Penale

Inumana detenzione, l'indennizzo non scatta solo se la "compensazione" è piena

Lo ha stabilito la Corte di cassazione, con la sentenza n. 4993 depositata oggi

di Francesco Machina Grifeo

Per negare l'indennizzo per inumana detenzione a causa della ristrettezza della cella non è sufficiente addurre, da parte del Ministero della Giustizia, l'esistenza di "misure compensative" da prendere in considerazione. Lo ha stabilito la Corte di cassazione, con la sentenza n. 4993 depositata oggi, che nel respingere il ricorso di Via Arenula ha affermato che tali misure – brevità, possibilità di uscire dalla cella ecc. - devono ricorrere tutte quante insieme ed essere dimostrate.

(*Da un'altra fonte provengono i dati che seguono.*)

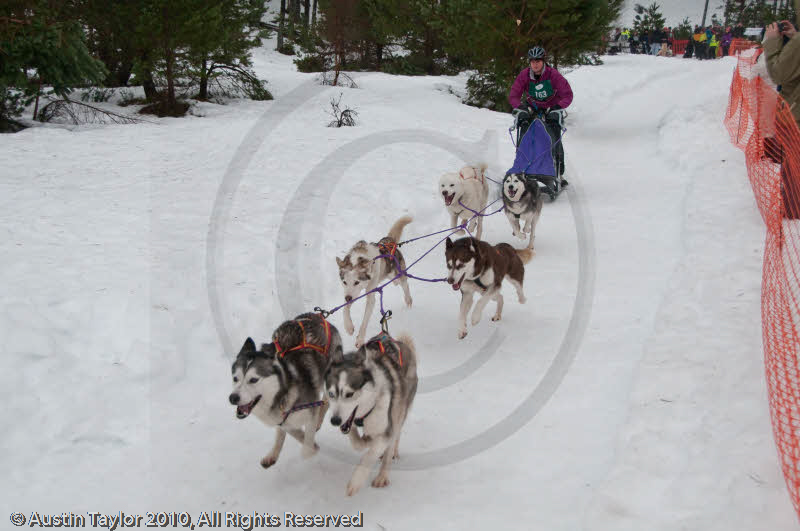 Racing Team in the Siberian Husky Club of GB Arden Grange Aviemore Sled Dog Rally 2010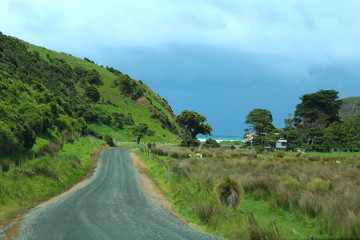 Dirt road in rural area in New Zealand
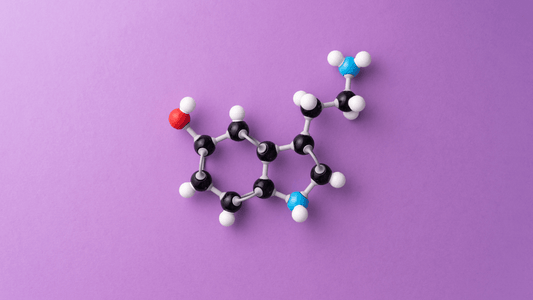 What is Serotonin? How Does It Impact Sleep?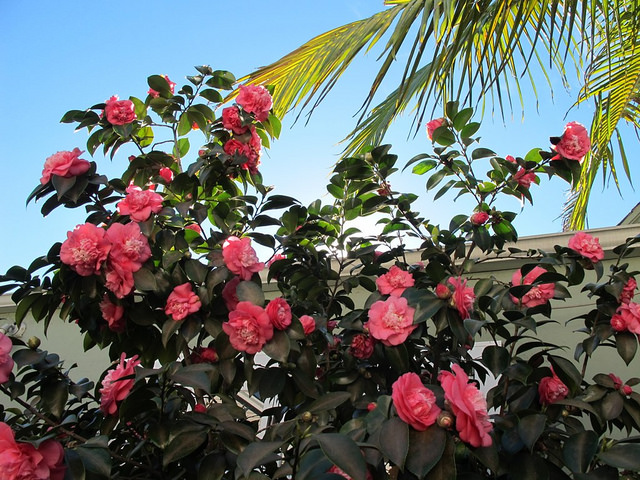 Tree to Table Camellias - LA in Bloom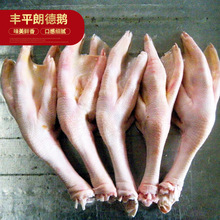 冷凍生鮮鵝掌批發廠家銷售鵝爪鵝肉食材速凍鵝掌商用生鵝腳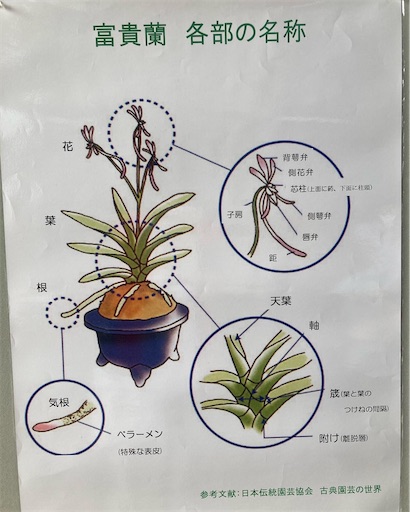 f:id:chiro432:20220716202330j:image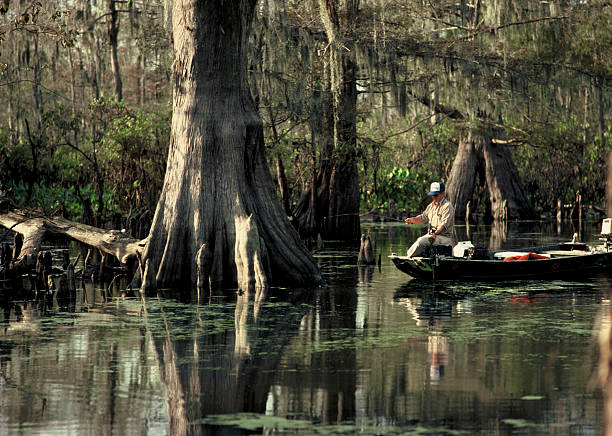 Bayou Fishing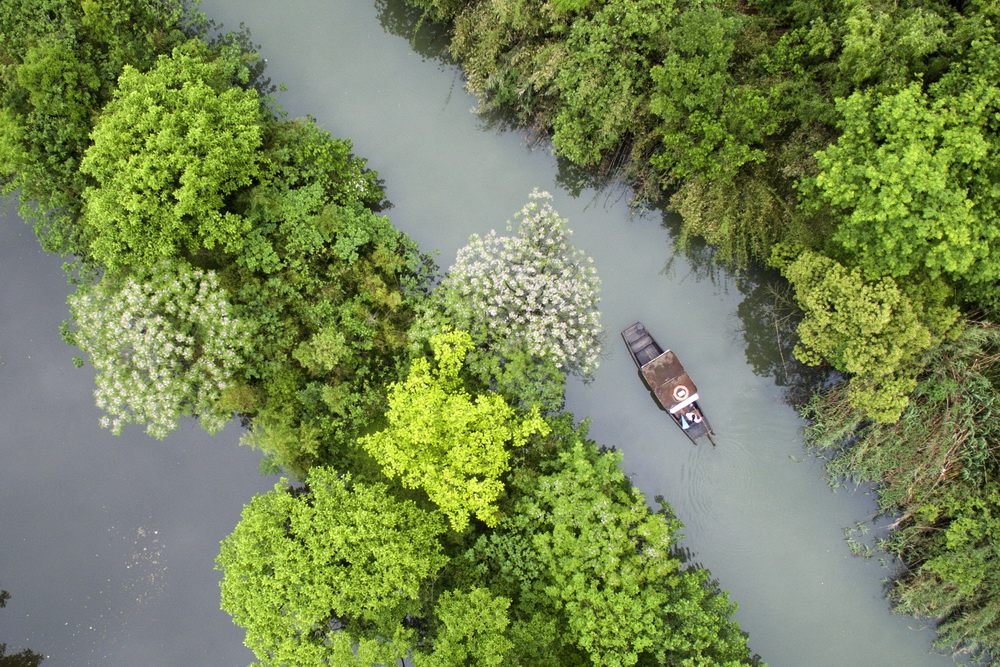 空中俯瞰杭州西溪湿地一景（5月2日摄）。 新华社记者黄宗治摄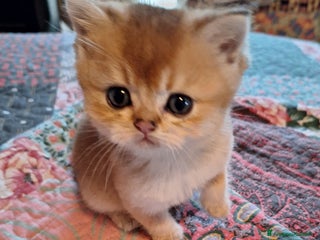 Scottish gatti Scottish straight con pedigree campania - Annuncio 1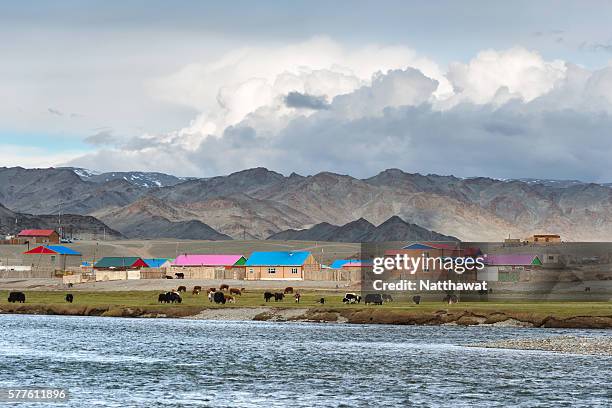 khovd river valley and tsengel village, bayan-olgii province, mongolia - altai mountains bildbanksfoton och bilder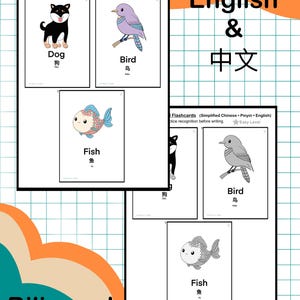 May include: Bilingual flashcards for learning Chinese. The flashcards feature illustrations of a dog, bird, and fish, with English and Chinese characters. The set includes 18 flashcards, designed for easy recognition and writing practice.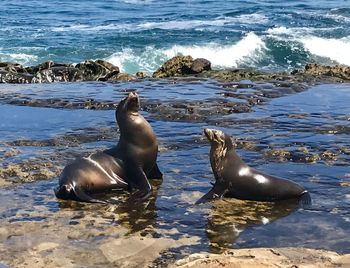 High angle view of sea lion on beach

Confermato dunque il provvedimento del Tribunale di sorveglianza di Perugia che aveva rigettato il reclamo proposto dalla Direzione dell'amministrazione penitenziaria contro il provvedimento del Magistrato di sorveglianza di Spoleto che aveva accolto la domanda di un uomo volta ad ottenere i rimedi previsti dall'art. 35-ter Ord. Pen. riconoscendogli in ragione del pregiudizio per le condizioni di detenzione, in violazione l'art. 3 CEDU, per 1.465 giorni negli Istituti di pena di Roma Regina Coeli, Roma-Rebibbia, Velletri e Spoleto, la riduzione della pena per 146 giorni e un ristoro dell'importo di 40,00 euro.

Per la Suprema corte il ricorso del Ministero è infondato laddove - "pur a fronte di uno spazio nella cella computato nella misura inferiore a tre metri quadrati" - adduce l'esistenza di fattori compensativi idonei ad escludere la violazione dell'art. 3 Cedu. Tali doglianze, si legge nella decisione, non colgono nel segno "poiché i generici riferimenti ai fattori compensativi che le accompagnano", non si uniformano - come in precedenza il reclamo secondo quanto già rilevato dal Tribunale - all'insegnamento delle Sezioni Unite (n. 6551/2000) "circa la necessità in tal caso di una presenza congiunta di tutti fattori compensativi, costituiti dalla breve durata della detenzione, dalle dignitose condizioni carcerarie e dalla sufficiente libertà di movimento al di fuori della cella mediante lo svolgimento di adeguate attività".